▶ Task statement
The answer should hold every line of the listing, unchanged and free of images.

-------- Data block

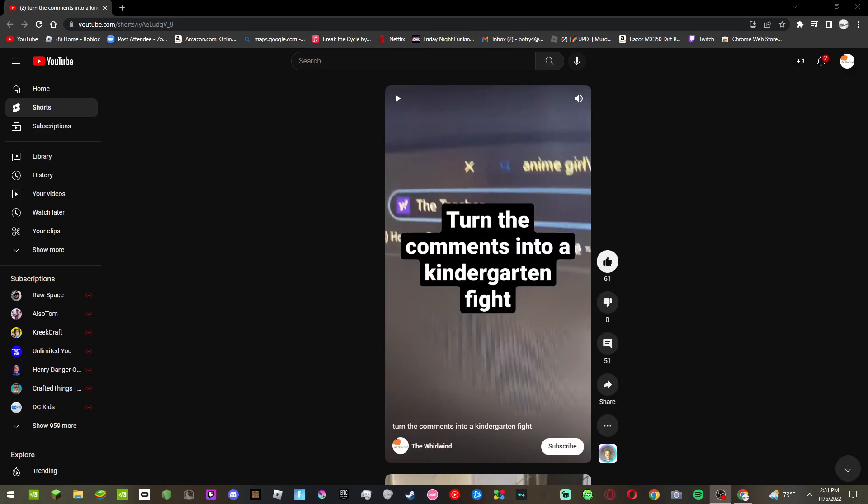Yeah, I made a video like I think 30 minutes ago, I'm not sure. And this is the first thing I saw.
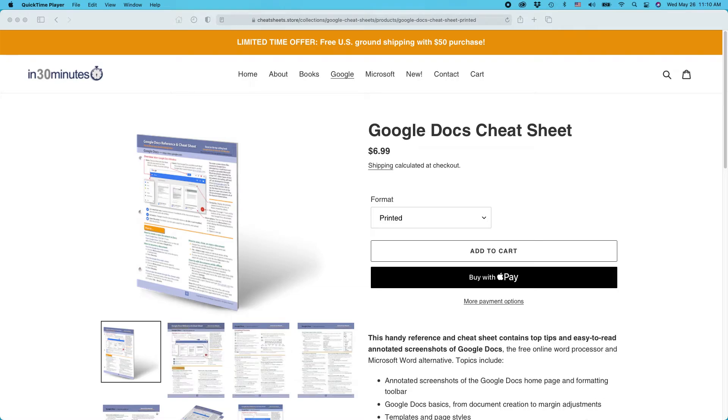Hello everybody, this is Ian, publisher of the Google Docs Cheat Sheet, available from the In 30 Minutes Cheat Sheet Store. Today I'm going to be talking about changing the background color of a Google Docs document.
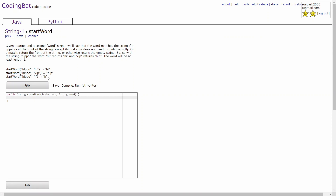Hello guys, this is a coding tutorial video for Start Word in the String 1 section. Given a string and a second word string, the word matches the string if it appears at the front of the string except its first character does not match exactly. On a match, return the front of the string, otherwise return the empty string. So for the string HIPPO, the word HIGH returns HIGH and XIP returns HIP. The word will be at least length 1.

----------------

▶ Answer
Yeah, I made a video like I think 30 minutes ago, I'm not sure. And this is the first thing I saw.
Hello everybody, this is Ian, publisher of the Google Docs Cheat Sheet, available from the In 30 Minutes Cheat Sheet Store. Today I'm going to be talking about changing the background color of a Google Docs document.
Hello guys, this is a coding tutorial video for Start Word in the String 1 section. Given a string and a second word string, the word matches the string if it appears at the front of the string except its first character does not match exactly. On a match, return the front of the string, otherwise return the empty string. So for the string HIPPO, the word HIGH returns HIGH and XIP returns HIP. The word will be at least length 1.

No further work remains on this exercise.